- [Source data]:
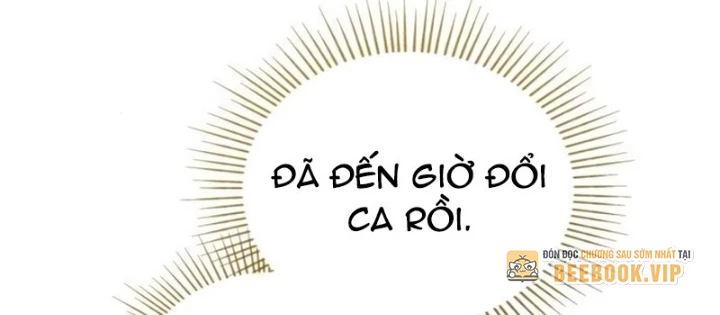 Bác sĩ hồi quy chỉ muốn sống yên bình Chapter 32 - 40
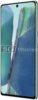 Samsung Galaxy Note 20 5G Verizon photo small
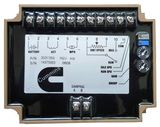 Cummins Engine Speed Control Unit Speed Governor 3037359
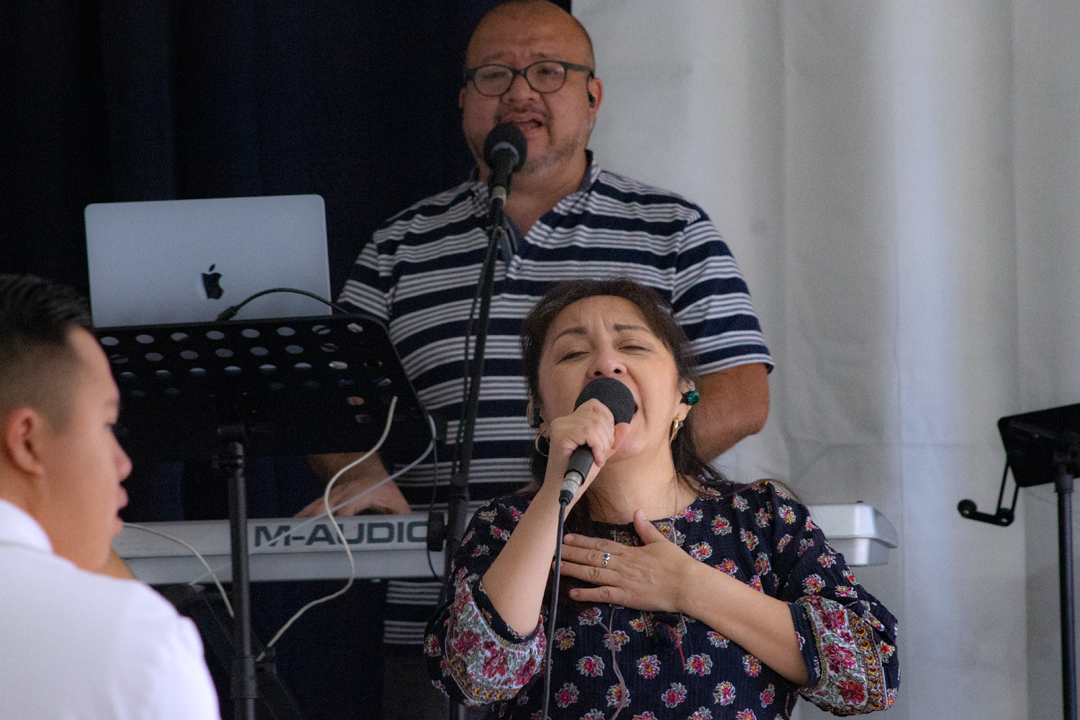 RDSP-adoracion-alabanza-2026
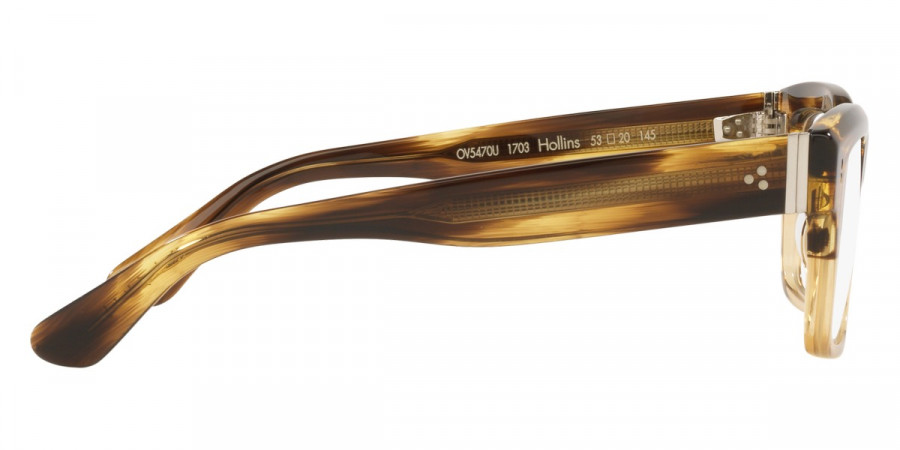 Oliver Peoples™ - Hollins OV5470F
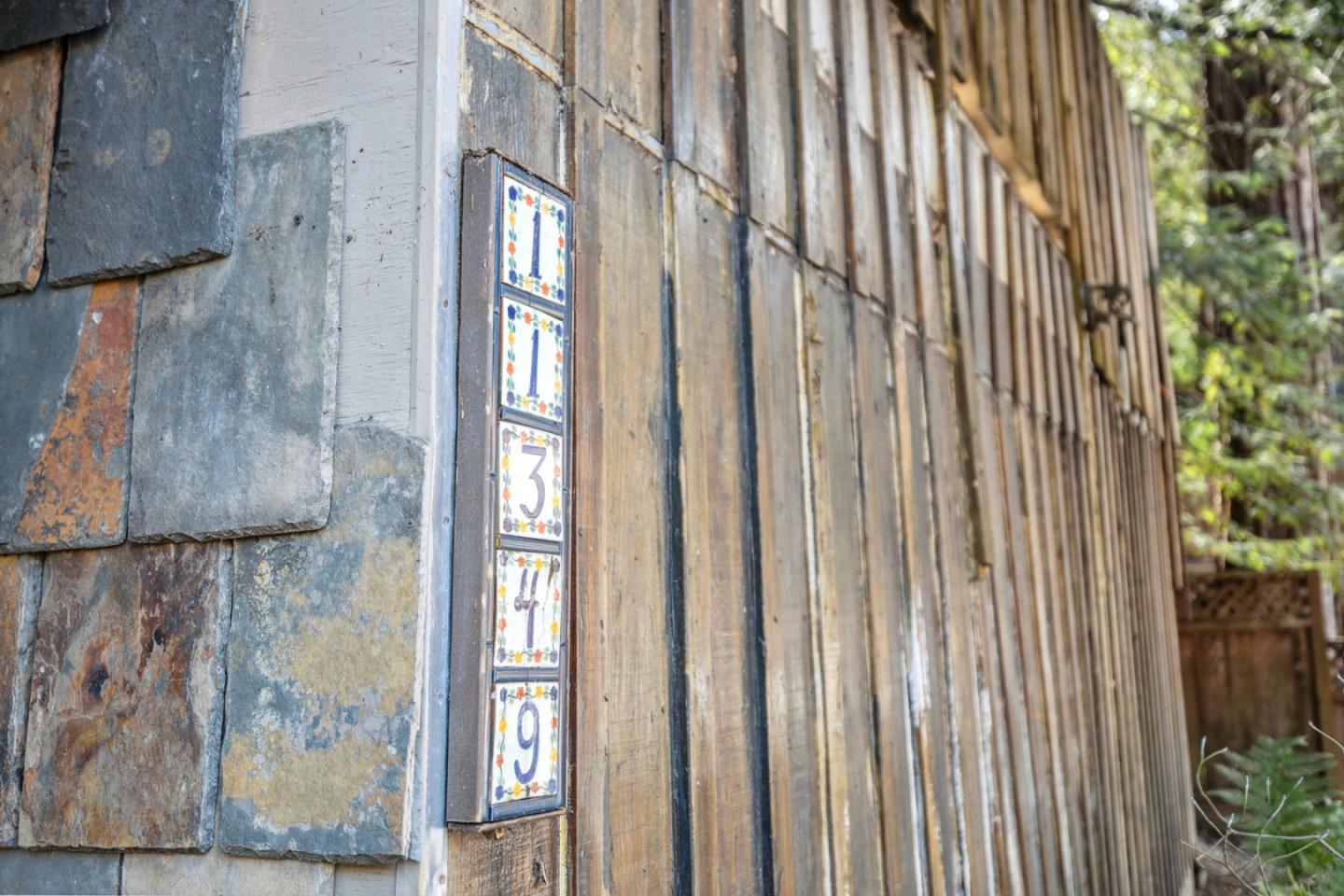 11349 Alameda Avenue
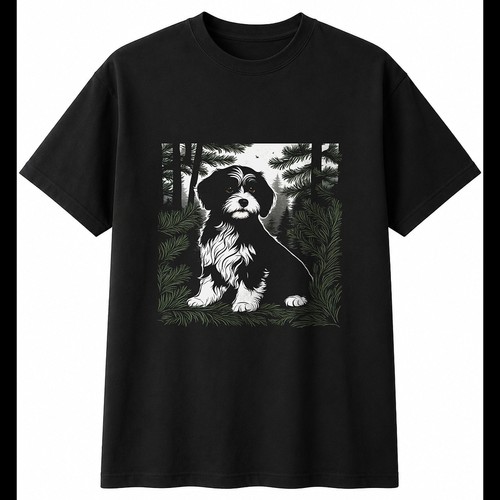 Botanical havanese the - botanical,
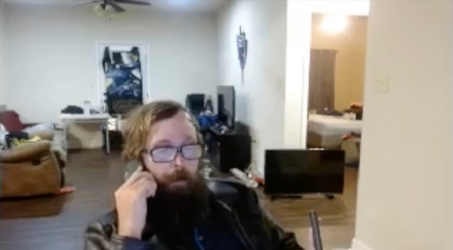 ronnie mcnutt phone.jpg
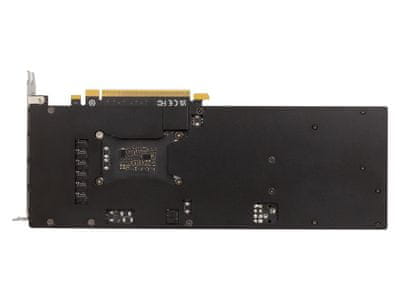 Grafična kartica Intel ARC Pro B60 Blower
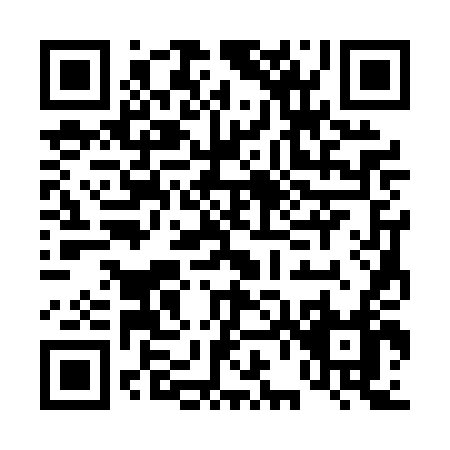 QR code for D630D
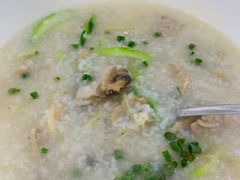 -蚝专家(北滘店)
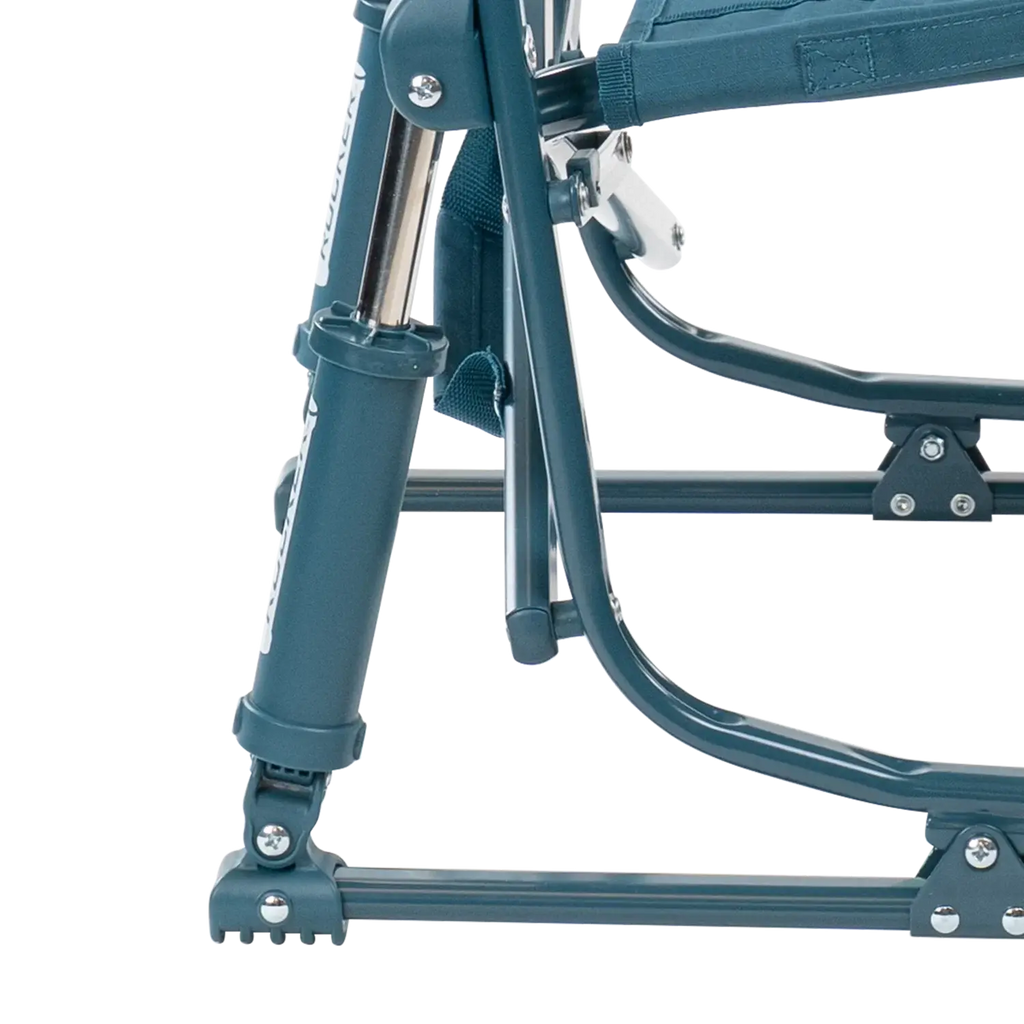 Grab & Go Rocker | Featured Outdoor Choice | Outlandridge FE87 o3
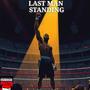 Last Man Standing (Explicit)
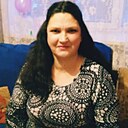 Елена Вороновв, 56 лет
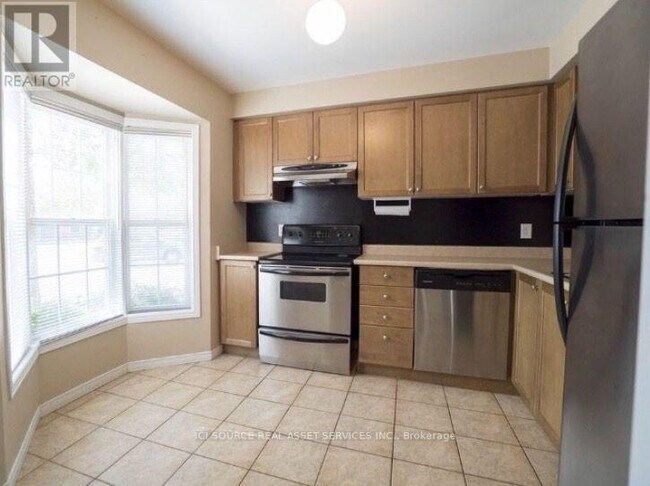 Photo du bâtiment - 4200 Kilmer Dr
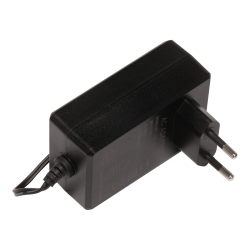 MikroTik power supply MT48-570080-11DG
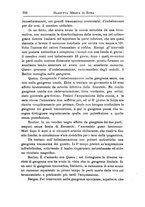 giornale/TO00184789/1891/unico/00000402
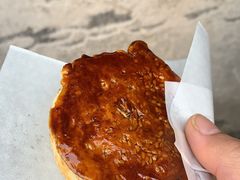 -王记海棠糕(新场古镇店)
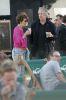 Alan_Rickman_HRCF_(19)_(400_x_600).jpg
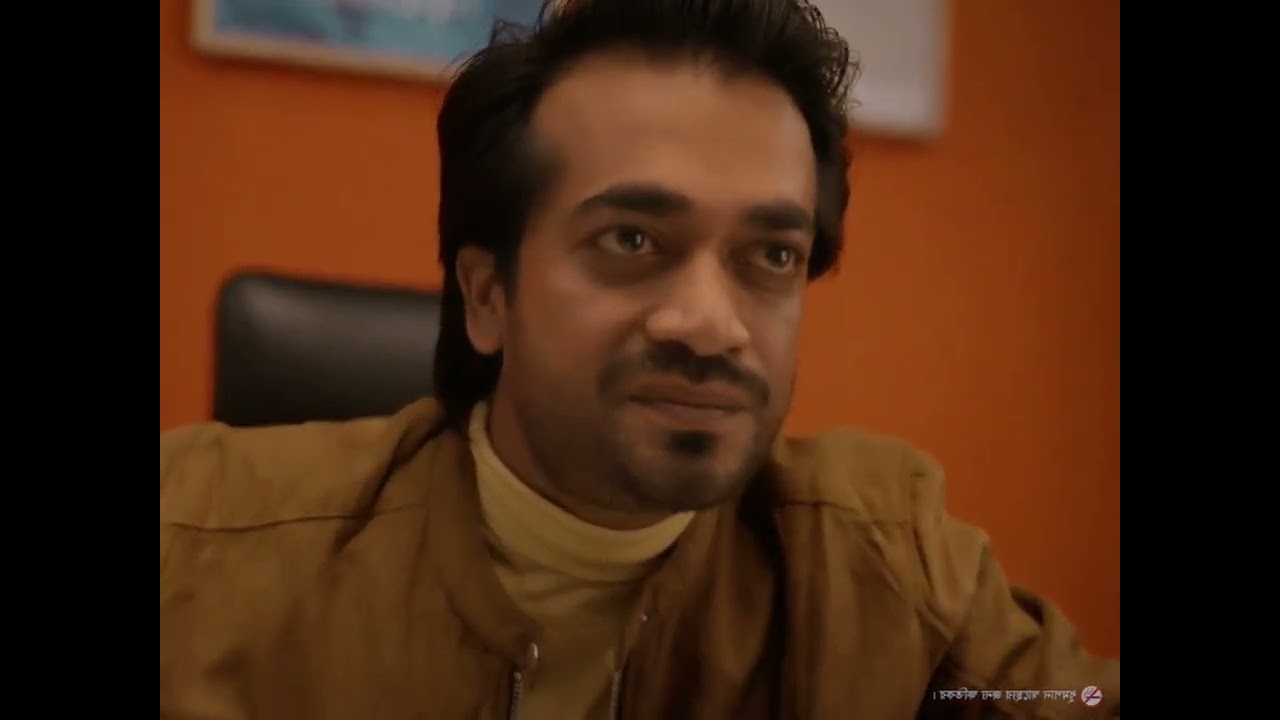 আরারাত পর্ব-০২ | Mehojabin Chowdhury's Web Series 🎬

- [What is needed]:
The answer must be an exact restatement of all the records, with no pictures included.

- [Task response]:
 Bác sĩ hồi quy chỉ muốn sống yên bình Chapter 32 - 40
 Samsung Galaxy Note 20 5G Verizon photo small
 Cummins Engine Speed Control Unit Speed Governor 3037359
 RDSP-adoracion-alabanza-2026
 Oliver Peoples™ - Hollins OV5470F
 11349 Alameda Avenue
 Botanical havanese the - botanical,
 ronnie mcnutt phone.jpg
 Grafična kartica Intel ARC Pro B60 Blower
 QR code for D630D
 -蚝专家(北滘店)
 Grab & Go Rocker | Featured Outdoor Choice | Outlandridge FE87 o3
 Last Man Standing (Explicit)
 Елена Вороновв, 56 лет
 Photo du bâtiment - 4200 Kilmer Dr
 MikroTik power supply MT48-570080-11DG
 giornale/TO00184789/1891/unico/00000402
 -王记海棠糕(新场古镇店)
 Alan_Rickman_HRCF_(19)_(400_x_600).jpg
 আরারাত পর্ব-০২ | Mehojabin Chowdhury's Web Series 🎬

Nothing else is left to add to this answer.